Top of THE INPUT

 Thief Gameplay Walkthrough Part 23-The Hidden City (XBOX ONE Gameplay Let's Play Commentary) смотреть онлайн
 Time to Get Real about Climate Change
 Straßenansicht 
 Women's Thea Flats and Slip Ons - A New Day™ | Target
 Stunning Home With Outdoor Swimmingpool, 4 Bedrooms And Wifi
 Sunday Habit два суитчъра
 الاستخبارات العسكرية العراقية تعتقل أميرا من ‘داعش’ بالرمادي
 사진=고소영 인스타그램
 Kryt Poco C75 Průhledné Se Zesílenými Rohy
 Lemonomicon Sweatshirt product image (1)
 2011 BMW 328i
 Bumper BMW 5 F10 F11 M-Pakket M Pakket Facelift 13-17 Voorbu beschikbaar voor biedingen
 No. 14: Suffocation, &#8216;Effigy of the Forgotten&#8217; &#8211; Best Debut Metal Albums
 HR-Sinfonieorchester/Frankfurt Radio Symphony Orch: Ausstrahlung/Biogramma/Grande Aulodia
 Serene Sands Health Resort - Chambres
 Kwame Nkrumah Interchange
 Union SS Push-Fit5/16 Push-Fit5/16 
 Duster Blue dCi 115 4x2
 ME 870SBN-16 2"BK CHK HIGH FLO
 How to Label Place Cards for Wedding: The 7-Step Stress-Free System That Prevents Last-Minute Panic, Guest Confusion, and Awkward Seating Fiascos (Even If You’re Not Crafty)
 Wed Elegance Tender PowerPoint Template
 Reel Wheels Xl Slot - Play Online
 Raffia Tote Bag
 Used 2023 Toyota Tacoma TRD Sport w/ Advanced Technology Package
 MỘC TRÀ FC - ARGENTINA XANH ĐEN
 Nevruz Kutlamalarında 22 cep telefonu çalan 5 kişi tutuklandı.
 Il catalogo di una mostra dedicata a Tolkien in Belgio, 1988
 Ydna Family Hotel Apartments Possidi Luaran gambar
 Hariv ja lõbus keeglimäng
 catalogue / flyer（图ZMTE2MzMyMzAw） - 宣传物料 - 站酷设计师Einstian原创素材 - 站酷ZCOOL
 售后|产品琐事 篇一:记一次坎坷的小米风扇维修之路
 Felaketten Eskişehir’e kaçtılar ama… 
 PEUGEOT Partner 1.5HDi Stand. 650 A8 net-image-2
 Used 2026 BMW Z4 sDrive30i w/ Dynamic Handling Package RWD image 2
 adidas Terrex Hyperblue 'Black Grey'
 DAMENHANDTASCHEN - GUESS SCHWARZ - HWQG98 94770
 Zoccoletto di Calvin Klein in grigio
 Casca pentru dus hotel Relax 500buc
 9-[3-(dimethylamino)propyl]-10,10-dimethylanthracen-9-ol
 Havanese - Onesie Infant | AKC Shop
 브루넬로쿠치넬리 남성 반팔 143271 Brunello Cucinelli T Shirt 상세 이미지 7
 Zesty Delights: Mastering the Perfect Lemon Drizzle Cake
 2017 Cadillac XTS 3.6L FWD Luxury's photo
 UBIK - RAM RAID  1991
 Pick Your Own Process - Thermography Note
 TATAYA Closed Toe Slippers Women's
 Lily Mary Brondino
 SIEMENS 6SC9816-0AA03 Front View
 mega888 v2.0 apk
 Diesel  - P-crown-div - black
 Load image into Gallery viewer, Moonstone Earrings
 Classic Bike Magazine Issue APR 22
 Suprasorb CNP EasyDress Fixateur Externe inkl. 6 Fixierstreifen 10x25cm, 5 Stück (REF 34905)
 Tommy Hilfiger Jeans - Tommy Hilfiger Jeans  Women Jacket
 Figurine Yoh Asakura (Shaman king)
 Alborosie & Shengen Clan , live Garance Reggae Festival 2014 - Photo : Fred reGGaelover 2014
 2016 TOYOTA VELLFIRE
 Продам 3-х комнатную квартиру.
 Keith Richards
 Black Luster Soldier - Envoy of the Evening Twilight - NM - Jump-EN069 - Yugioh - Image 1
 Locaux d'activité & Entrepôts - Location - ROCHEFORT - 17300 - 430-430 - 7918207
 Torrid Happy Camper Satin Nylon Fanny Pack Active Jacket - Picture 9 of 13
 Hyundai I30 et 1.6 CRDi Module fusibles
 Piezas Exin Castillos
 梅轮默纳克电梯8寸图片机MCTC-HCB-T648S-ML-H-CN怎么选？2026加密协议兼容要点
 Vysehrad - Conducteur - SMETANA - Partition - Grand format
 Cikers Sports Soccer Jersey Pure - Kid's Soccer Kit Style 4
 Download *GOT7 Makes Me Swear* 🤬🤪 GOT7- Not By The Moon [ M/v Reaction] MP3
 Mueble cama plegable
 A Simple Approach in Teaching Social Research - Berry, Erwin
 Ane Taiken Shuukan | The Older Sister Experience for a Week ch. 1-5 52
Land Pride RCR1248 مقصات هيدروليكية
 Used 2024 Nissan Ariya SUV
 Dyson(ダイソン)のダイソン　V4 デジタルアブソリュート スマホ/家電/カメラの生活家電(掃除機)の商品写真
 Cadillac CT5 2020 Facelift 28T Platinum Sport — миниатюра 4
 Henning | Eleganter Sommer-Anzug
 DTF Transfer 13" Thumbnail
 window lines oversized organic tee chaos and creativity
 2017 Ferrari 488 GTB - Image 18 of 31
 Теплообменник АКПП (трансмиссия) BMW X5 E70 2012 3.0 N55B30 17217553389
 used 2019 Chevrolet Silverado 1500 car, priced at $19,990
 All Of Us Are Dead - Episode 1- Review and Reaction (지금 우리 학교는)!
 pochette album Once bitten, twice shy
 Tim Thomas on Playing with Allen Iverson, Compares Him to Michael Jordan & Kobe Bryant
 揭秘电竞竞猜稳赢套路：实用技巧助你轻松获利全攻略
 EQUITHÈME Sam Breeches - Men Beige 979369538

Bottom of THE INPUT

◆ **TASK BRIEF**
Each entry above should be written again exactly.

◆ **COMPLETED EXERCISE**
 Thief Gameplay Walkthrough Part 23-The Hidden City (XBOX ONE Gameplay Let's Play Commentary) смотреть онлайн
 Time to Get Real about Climate Change
 Straßenansicht 
 Women's Thea Flats and Slip Ons - A New Day™ | Target
 Stunning Home With Outdoor Swimmingpool, 4 Bedrooms And Wifi
 Sunday Habit два суитчъра
 الاستخبارات العسكرية العراقية تعتقل أميرا من ‘داعش’ بالرمادي
 사진=고소영 인스타그램
 Kryt Poco C75 Průhledné Se Zesílenými Rohy
 Lemonomicon Sweatshirt product image (1)
 2011 BMW 328i
 Bumper BMW 5 F10 F11 M-Pakket M Pakket Facelift 13-17 Voorbu beschikbaar voor biedingen
 No. 14: Suffocation, &#8216;Effigy of the Forgotten&#8217; &#8211; Best Debut Metal Albums
 HR-Sinfonieorchester/Frankfurt Radio Symphony Orch: Ausstrahlung/Biogramma/Grande Aulodia
 Serene Sands Health Resort - Chambres
 Kwame Nkrumah Interchange
 Union SS Push-Fit5/16 Push-Fit5/16 
 Duster Blue dCi 115 4x2
 ME 870SBN-16 2"BK CHK HIGH FLO
 How to Label Place Cards for Wedding: The 7-Step Stress-Free System That Prevents Last-Minute Panic, Guest Confusion, and Awkward Seating Fiascos (Even If You’re Not Crafty)
 Wed Elegance Tender PowerPoint Template
 Reel Wheels Xl Slot - Play Online
 Raffia Tote Bag
 Used 2023 Toyota Tacoma TRD Sport w/ Advanced Technology Package
 MỘC TRÀ FC - ARGENTINA XANH ĐEN
 Nevruz Kutlamalarında 22 cep telefonu çalan 5 kişi tutuklandı.
 Il catalogo di una mostra dedicata a Tolkien in Belgio, 1988
 Ydna Family Hotel Apartments Possidi Luaran gambar
 Hariv ja lõbus keeglimäng
 catalogue / flyer（图ZMTE2MzMyMzAw） - 宣传物料 - 站酷设计师Einstian原创素材 - 站酷ZCOOL
 售后|产品琐事 篇一:记一次坎坷的小米风扇维修之路
 Felaketten Eskişehir’e kaçtılar ama… 
 PEUGEOT Partner 1.5HDi Stand. 650 A8 net-image-2
 Used 2026 BMW Z4 sDrive30i w/ Dynamic Handling Package RWD image 2
 adidas Terrex Hyperblue 'Black Grey'
 DAMENHANDTASCHEN - GUESS SCHWARZ - HWQG98 94770
 Zoccoletto di Calvin Klein in grigio
 Casca pentru dus hotel Relax 500buc
 9-[3-(dimethylamino)propyl]-10,10-dimethylanthracen-9-ol
 Havanese - Onesie Infant | AKC Shop
 브루넬로쿠치넬리 남성 반팔 143271 Brunello Cucinelli T Shirt 상세 이미지 7
 Zesty Delights: Mastering the Perfect Lemon Drizzle Cake
 2017 Cadillac XTS 3.6L FWD Luxury's photo
 UBIK - RAM RAID  1991
 Pick Your Own Process - Thermography Note
 TATAYA Closed Toe Slippers Women's
 Lily Mary Brondino
 SIEMENS 6SC9816-0AA03 Front View
 mega888 v2.0 apk
 Diesel  - P-crown-div - black
 Load image into Gallery viewer, Moonstone Earrings
 Classic Bike Magazine Issue APR 22
 Suprasorb CNP EasyDress Fixateur Externe inkl. 6 Fixierstreifen 10x25cm, 5 Stück (REF 34905)
 Tommy Hilfiger Jeans - Tommy Hilfiger Jeans  Women Jacket
 Figurine Yoh Asakura (Shaman king)
 Alborosie & Shengen Clan , live Garance Reggae Festival 2014 - Photo : Fred reGGaelover 2014
 2016 TOYOTA VELLFIRE
 Продам 3-х комнатную квартиру.
 Keith Richards
 Black Luster Soldier - Envoy of the Evening Twilight - NM - Jump-EN069 - Yugioh - Image 1
 Locaux d'activité & Entrepôts - Location - ROCHEFORT - 17300 - 430-430 - 7918207
 Torrid Happy Camper Satin Nylon Fanny Pack Active Jacket - Picture 9 of 13
 Hyundai I30 et 1.6 CRDi Module fusibles
 Piezas Exin Castillos
 梅轮默纳克电梯8寸图片机MCTC-HCB-T648S-ML-H-CN怎么选？2026加密协议兼容要点
 Vysehrad - Conducteur - SMETANA - Partition - Grand format
 Cikers Sports Soccer Jersey Pure - Kid's Soccer Kit Style 4
 Download *GOT7 Makes Me Swear* 🤬🤪 GOT7- Not By The Moon [ M/v Reaction] MP3
 Mueble cama plegable
 A Simple Approach in Teaching Social Research - Berry, Erwin
 Ane Taiken Shuukan | The Older Sister Experience for a Week ch. 1-5 52
Land Pride RCR1248 مقصات هيدروليكية
 Used 2024 Nissan Ariya SUV
 Dyson(ダイソン)のダイソン　V4 デジタルアブソリュート スマホ/家電/カメラの生活家電(掃除機)の商品写真
 Cadillac CT5 2020 Facelift 28T Platinum Sport — миниатюра 4
 Henning | Eleganter Sommer-Anzug
 DTF Transfer 13" Thumbnail
 window lines oversized organic tee chaos and creativity
 2017 Ferrari 488 GTB - Image 18 of 31
 Теплообменник АКПП (трансмиссия) BMW X5 E70 2012 3.0 N55B30 17217553389
 used 2019 Chevrolet Silverado 1500 car, priced at $19,990
 All Of Us Are Dead - Episode 1- Review and Reaction (지금 우리 학교는)!
 pochette album Once bitten, twice shy
 Tim Thomas on Playing with Allen Iverson, Compares Him to Michael Jordan & Kobe Bryant
 揭秘电竞竞猜稳赢套路：实用技巧助你轻松获利全攻略
 EQUITHÈME Sam Breeches - Men Beige 979369538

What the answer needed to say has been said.